Leaving out all pictures, transcribe exactly the lines between the line with "Volkswagen Passat 1.4" and the last line of the records below, both included.

═════ Data extracts

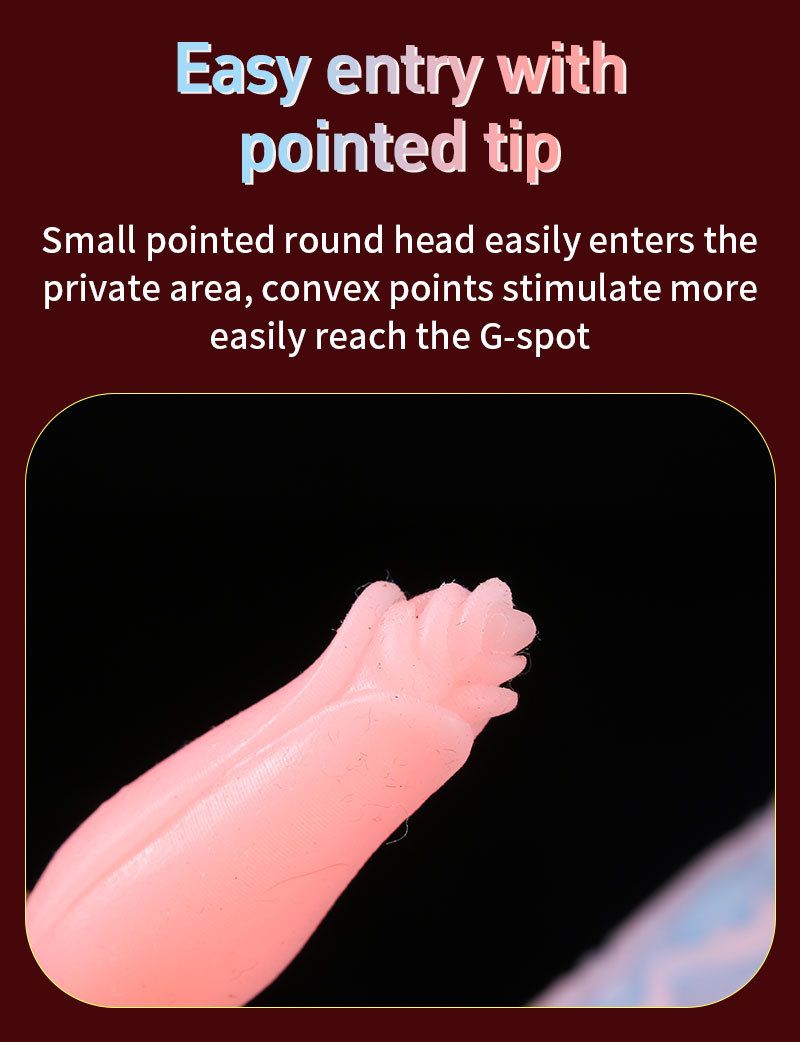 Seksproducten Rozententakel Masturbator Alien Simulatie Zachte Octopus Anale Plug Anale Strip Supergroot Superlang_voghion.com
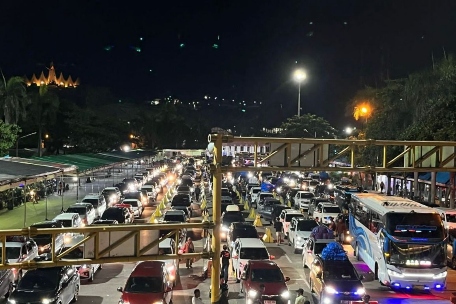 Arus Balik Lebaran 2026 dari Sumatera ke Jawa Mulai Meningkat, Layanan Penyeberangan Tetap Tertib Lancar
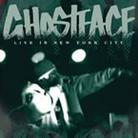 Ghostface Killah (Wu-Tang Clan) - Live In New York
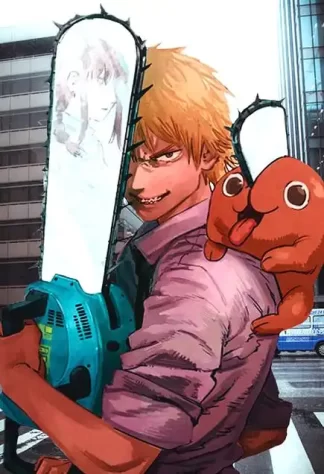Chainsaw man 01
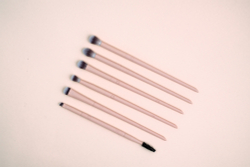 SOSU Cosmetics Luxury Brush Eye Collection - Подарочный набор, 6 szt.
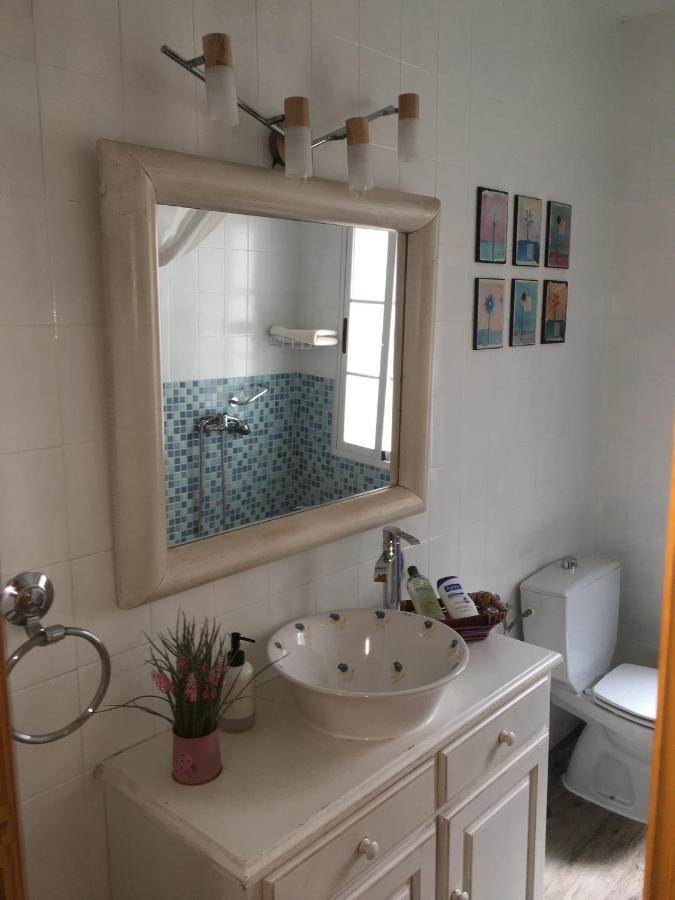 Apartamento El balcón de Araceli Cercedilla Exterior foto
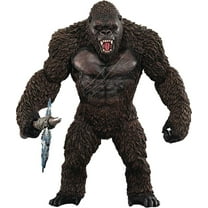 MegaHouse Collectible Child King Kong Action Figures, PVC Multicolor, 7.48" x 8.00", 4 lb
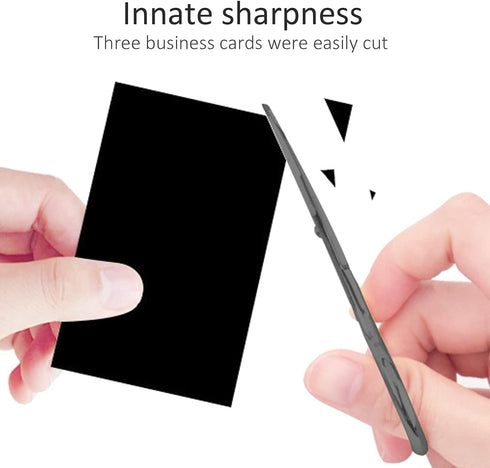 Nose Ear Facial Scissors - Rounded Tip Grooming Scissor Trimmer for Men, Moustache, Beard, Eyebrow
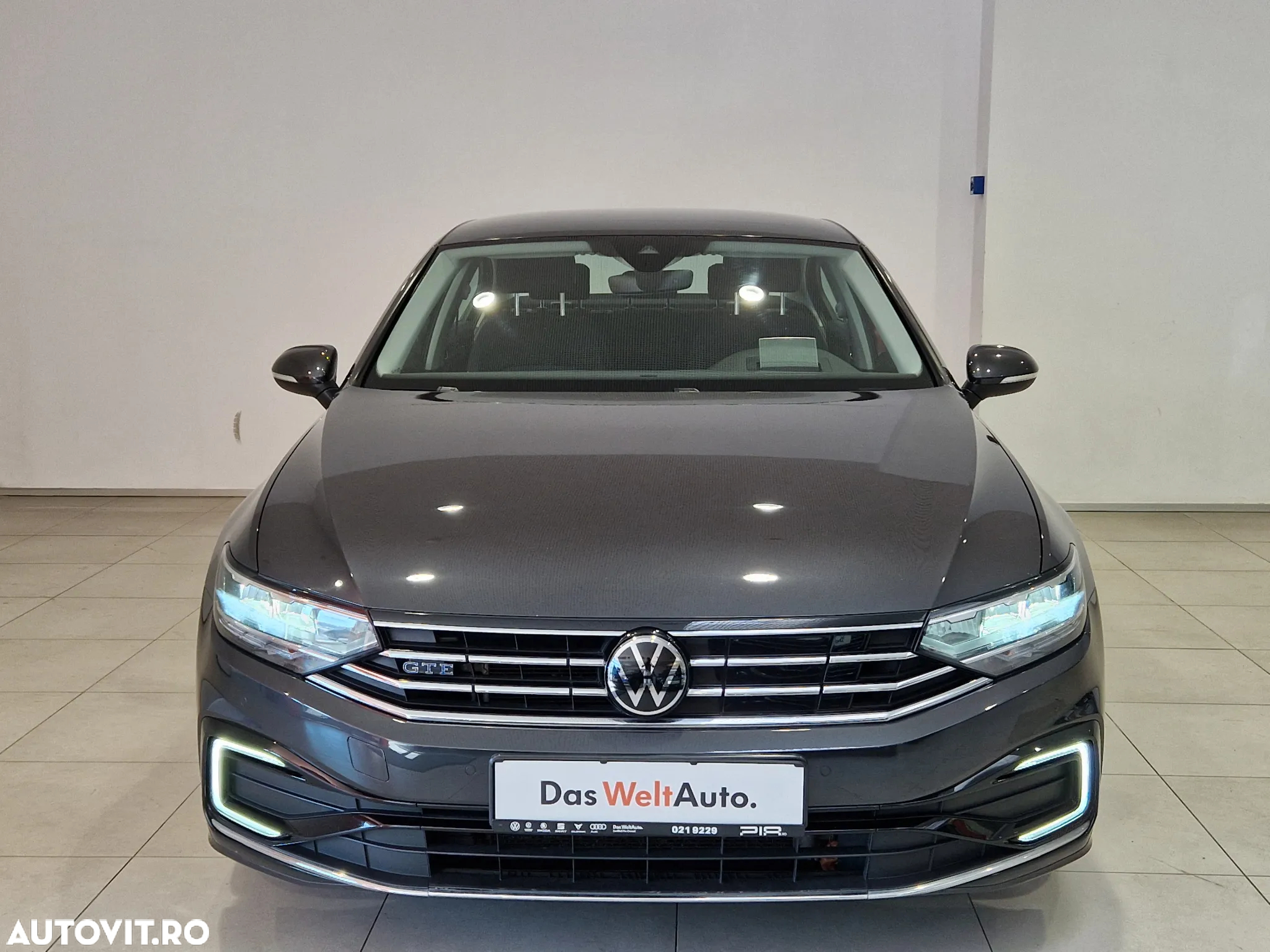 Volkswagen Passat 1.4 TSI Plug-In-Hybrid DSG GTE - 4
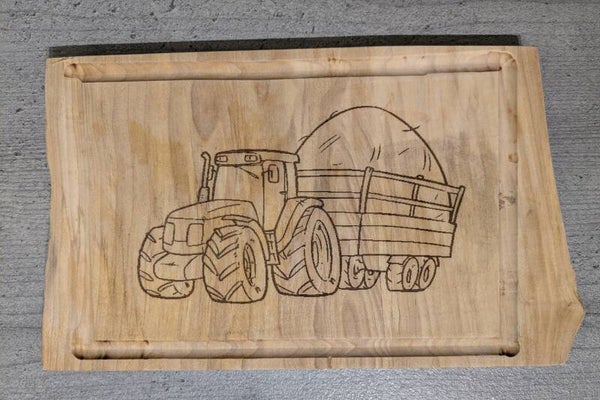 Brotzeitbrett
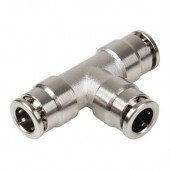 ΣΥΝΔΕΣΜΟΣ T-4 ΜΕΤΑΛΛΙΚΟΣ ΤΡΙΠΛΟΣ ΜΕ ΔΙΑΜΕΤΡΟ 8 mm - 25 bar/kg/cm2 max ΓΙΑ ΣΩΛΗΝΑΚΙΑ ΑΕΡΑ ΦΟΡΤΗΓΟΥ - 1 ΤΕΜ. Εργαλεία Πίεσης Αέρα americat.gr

══════════

== Task response ==
 Volkswagen Passat 1.4 TSI Plug-In-Hybrid DSG GTE - 4
 Brotzeitbrett
 ΣΥΝΔΕΣΜΟΣ T-4 ΜΕΤΑΛΛΙΚΟΣ ΤΡΙΠΛΟΣ ΜΕ ΔΙΑΜΕΤΡΟ 8 mm - 25 bar/kg/cm2 max ΓΙΑ ΣΩΛΗΝΑΚΙΑ ΑΕΡΑ ΦΟΡΤΗΓΟΥ - 1 ΤΕΜ. Εργαλεία Πίεσης Αέρα americat.gr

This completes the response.